This musician realised that with the right bow, the Bach Cello Suite No.1 could come to life in a wonderful way on the double bass…
Since Bach composed his Cello Suites in the early 1700s, they have been transcribed for more than 20 different instruments, including the bassoon, tuba and ukulele.
But have you ever heard them played on the double bass?
Spanish double bassist Luis Cabrera has taken on a mammoth project, to record and film all six movements of the much-loved Cello Suite No.1 in G major, in a set of historically informed double bass performances.
Cabrera’s performances were recorded and filmed in February inside a strikingly beautiful 17th-century Lutheran church in Haarlem, in The Netherlands.
In the church’s stunning acoustic, Cabrera performs the Suites using a Baroque violone bow, which is much lighter than a standard double bass bow, to emulate a lighter, more authentically Baroque sound. Have a watch above.
For the last 17 years, Cabrera has been principal double bassist with the Netherlands Philharmonic Orchestra, and has been a professor at the Guildhall School of Music and Drama since 2012.
“The resonance of the bass is very different to that of the cello,” Cabrera told Classic FM, about his latest project. But, he added, “The timbre of the instrument in the higher register can have a more fragile and less direct colour, which I find very suitable for these suites.

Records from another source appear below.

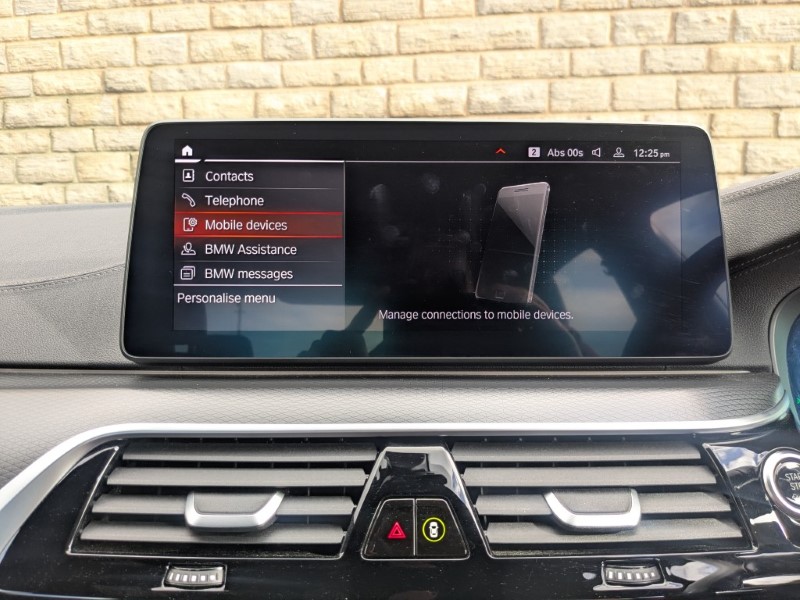 Used BMW 5 Series 2022 for sale - 76981550: Photo 26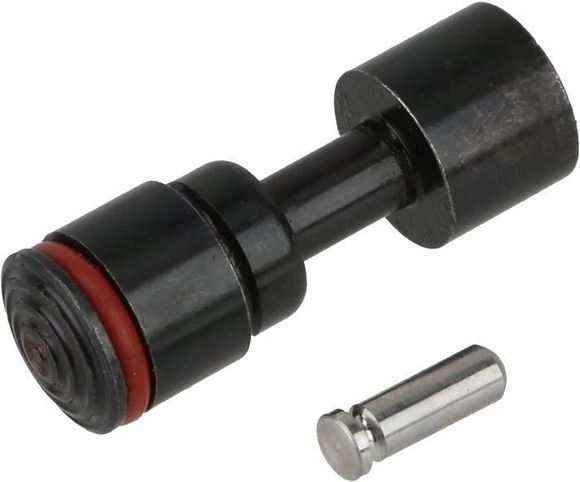 Elftmann Tactical Push Button Ambi Speed Safety Black. Reliable Gun ...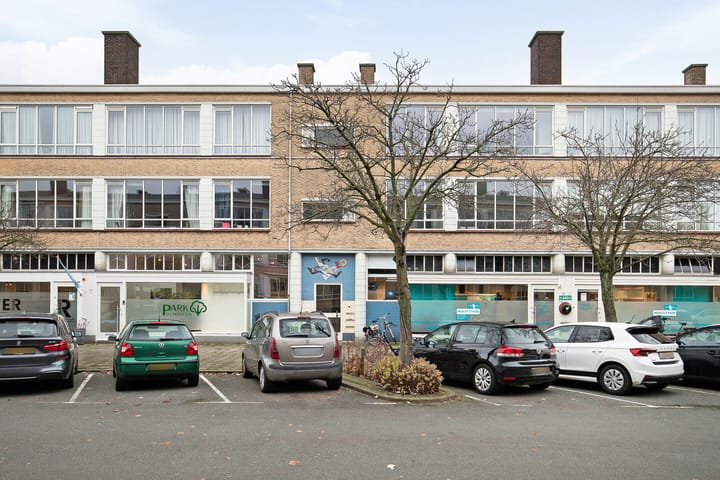 Photo 5 of Breitnerlaan 247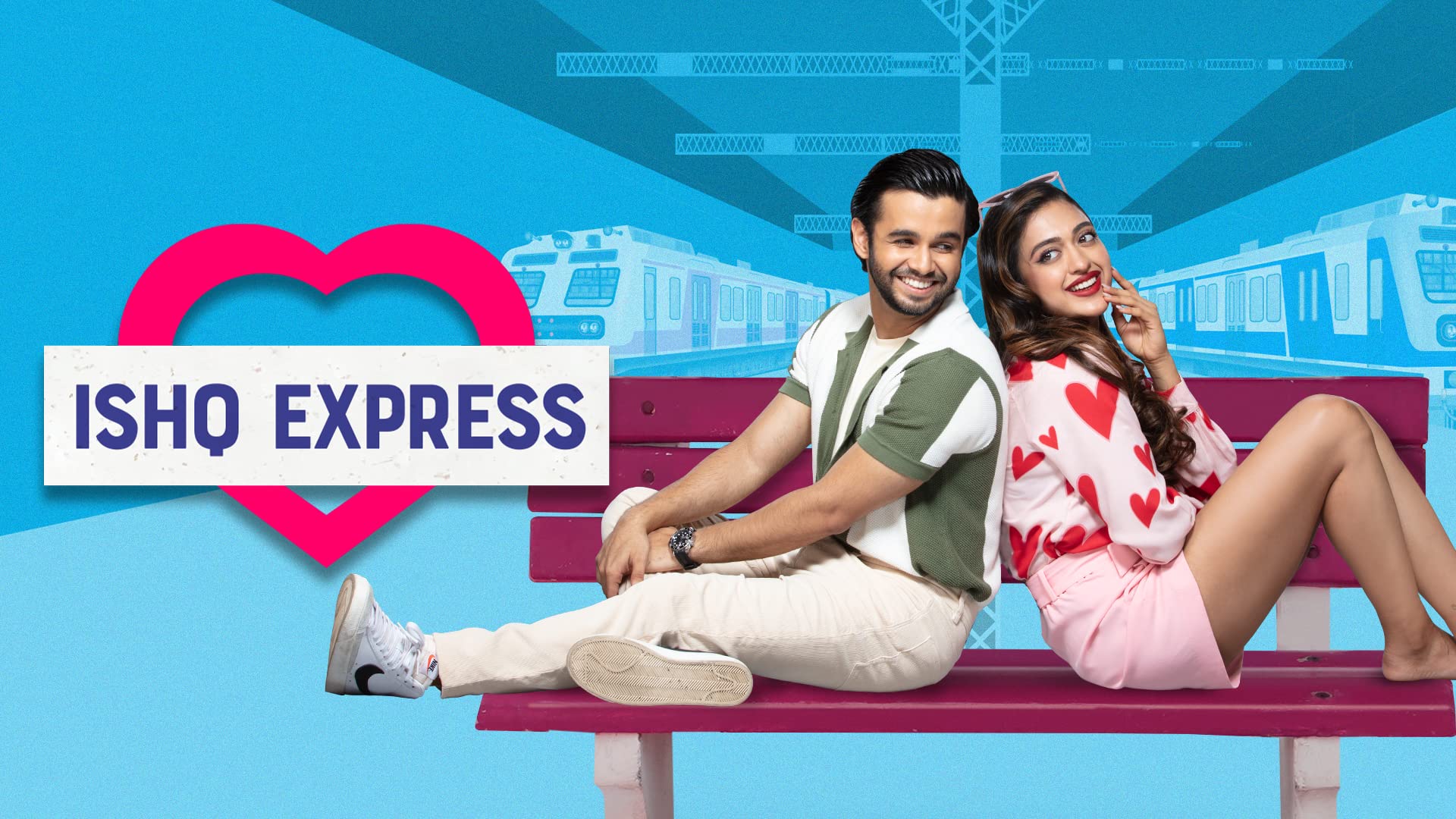 Ishq Express on undefined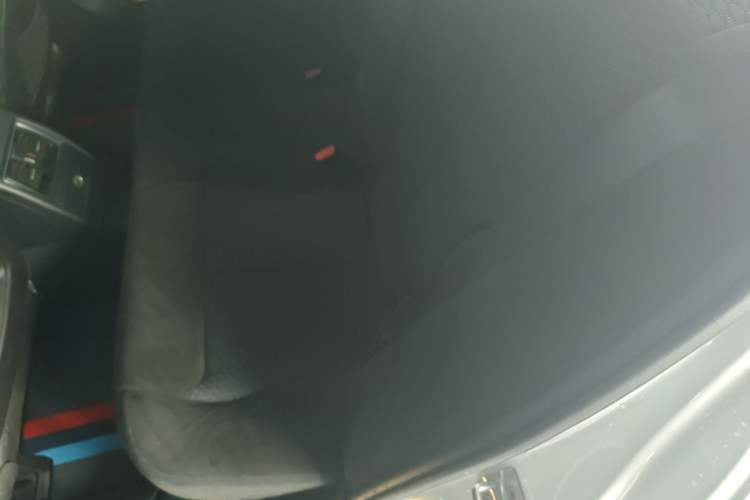Used BMW 3 Series 2017 320i M Sport Left Rear Seat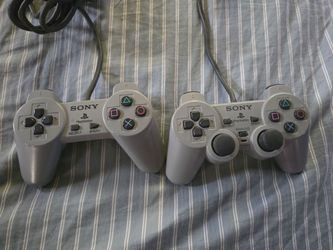 Original Playstation 1 Controller PS1 OEM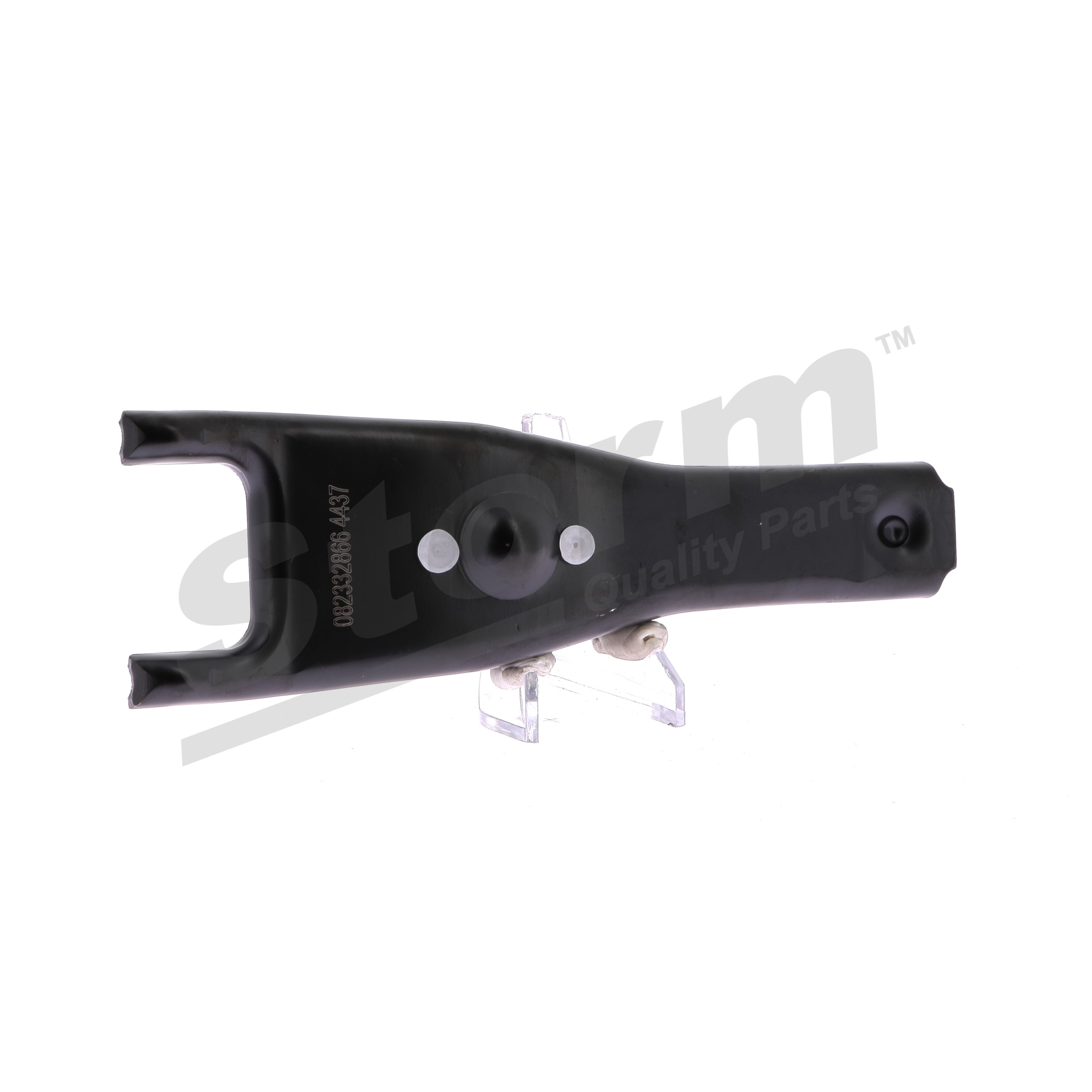 STORM QUALITY PARTS F4437 Dźwignia wysprzęglika Peugeot 205 2 1.6 GTI 116 KM benzyna 1989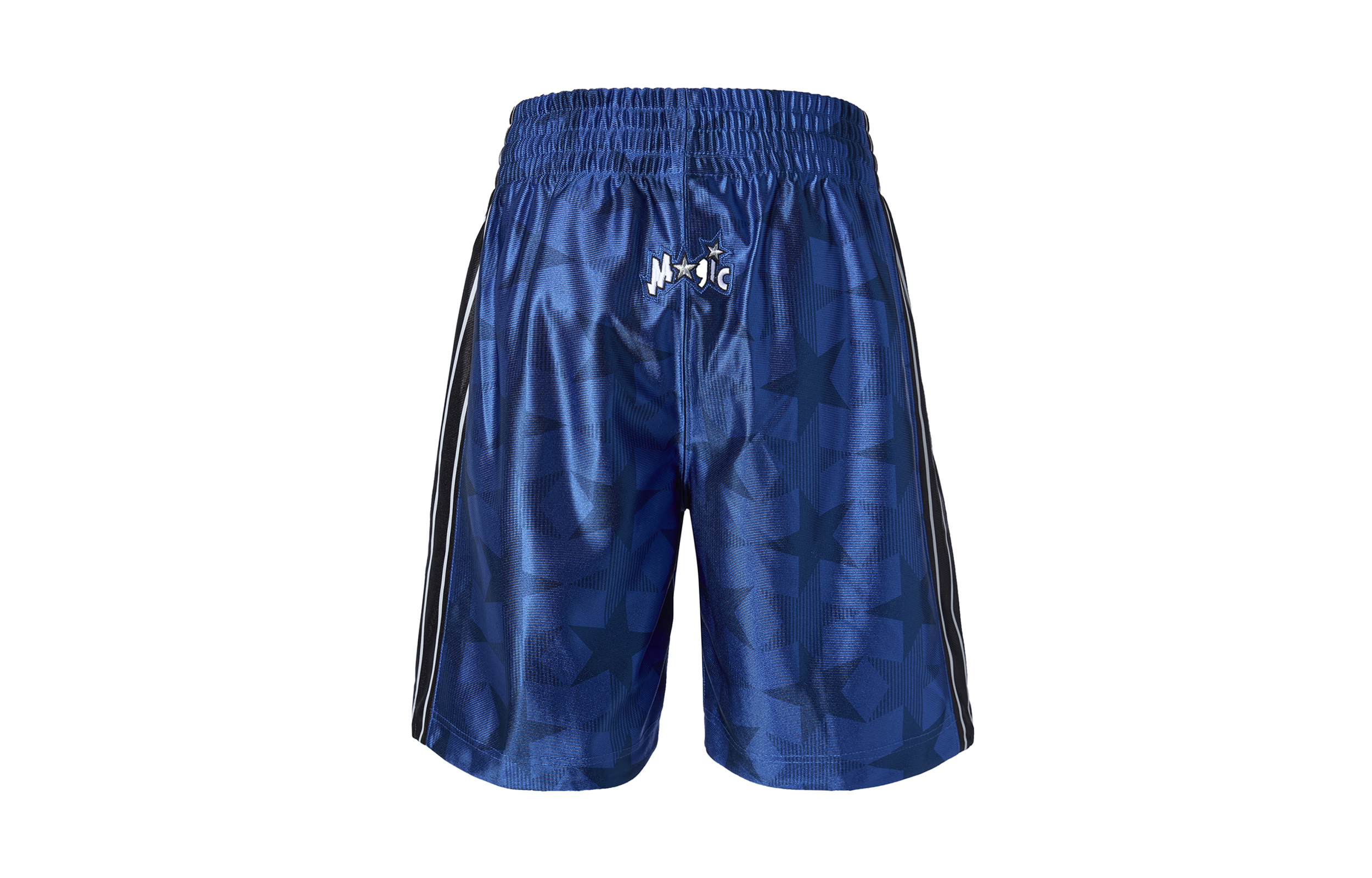 Mitchell Ness Basketball Shorts Men’s Dark Blue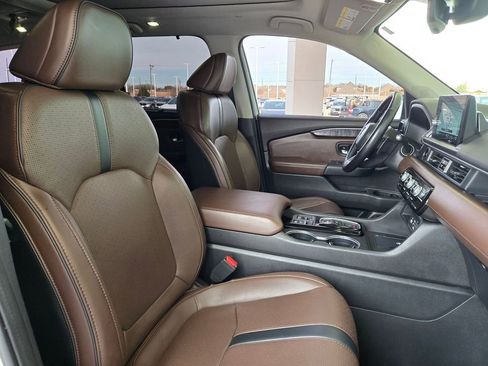 Used 2023 Honda Pilot Elite image 28
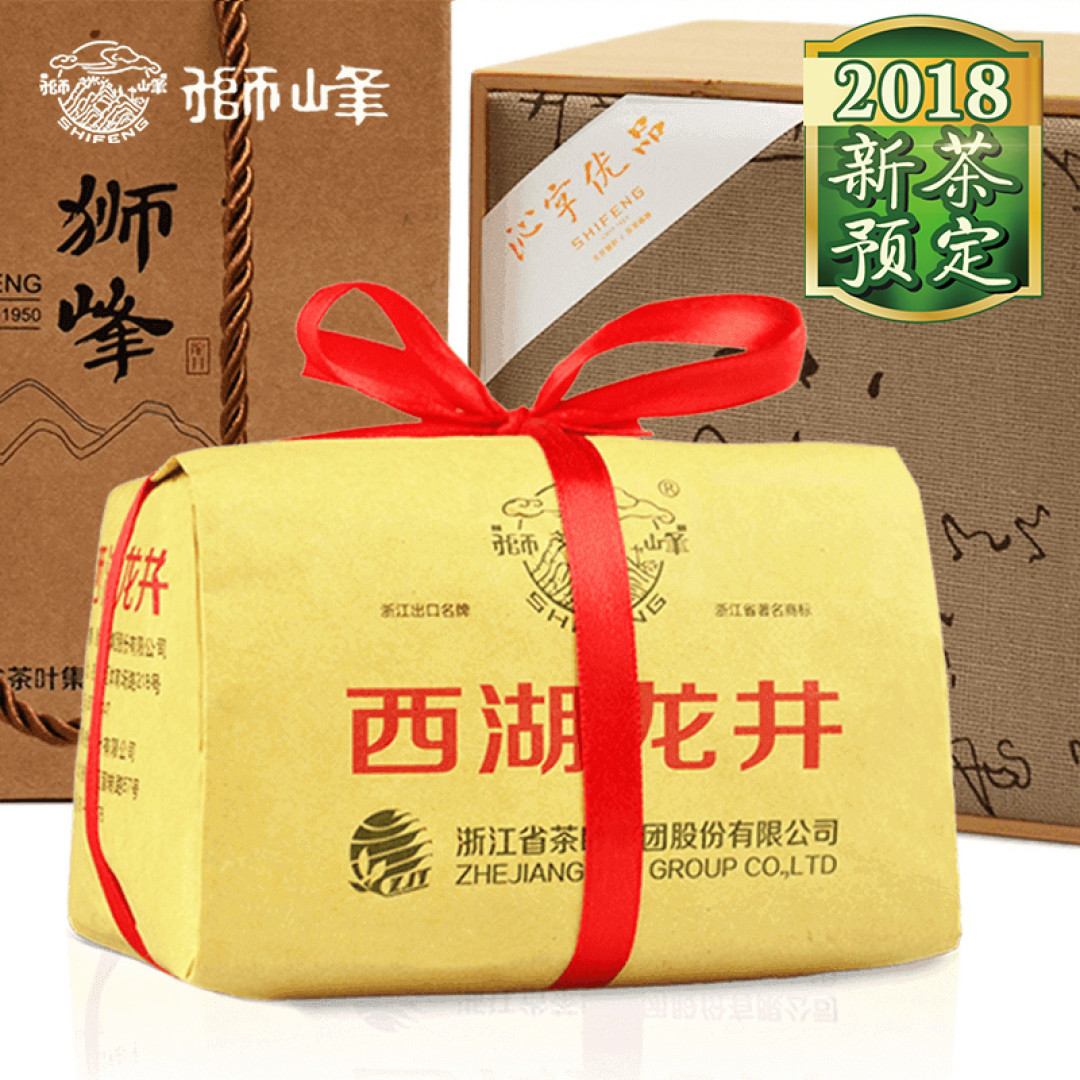 西湖除了白娘子还有什么？ 西湖龙井推荐榜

“Like in all Bach’s music, you can hear all the voices talking to each other,” he added, “And in [this] exciting process, I realised they matched the bass registers so naturally!”
While preparing for his recording, Cabrera studied three manuscripts of the work – one written out by Bach’s second wife Anna Magdalena, another by the German organist and composer Johan Kellner, plus an anonymous version – and created his own unique edition.
He was also mentored throughout the research process by renowned Dutch baroque cellist Lucia Swarts, and was advised by soloist Peter Wispelwey, in order to achieve the final, historically informed performances.
Cabrera played on a c.1815 Pietro Pallota double bass, with a bow made by Luis Emilio Rodriguez-Carrington. “I tried to play Bach with a modern bow, and although the notes are the same, the sound wasn’t right,” the musician said.
He told Classic FM: “I gradually started to experiment with different bows, from heavier to lighter. Finally I discovered that the lightest of them, made by Luis Emilio Rodriguez-Carrington in 2009 in the Hague, could really speak the music as I had it in my head and that the smallest nuance could be articulated, emphasised or expressed, and the dances could be lightly swinger and grooved.”
Cabrera’s recording is released on 17 June 2023, when it will be available to stream as an audio album. The videos have been released on both YouTube and the String Virtuoso platform, where the sheet music will also be available to download later this year.
It’s testament to Bach’s genius, and the intimacy and intrigue of his music, that so many musicians have wanted to sample these Suites for their own instrument. And testament to Cabrera, that he has treated these works with such incredible care, giving them a new lease of life in 2023.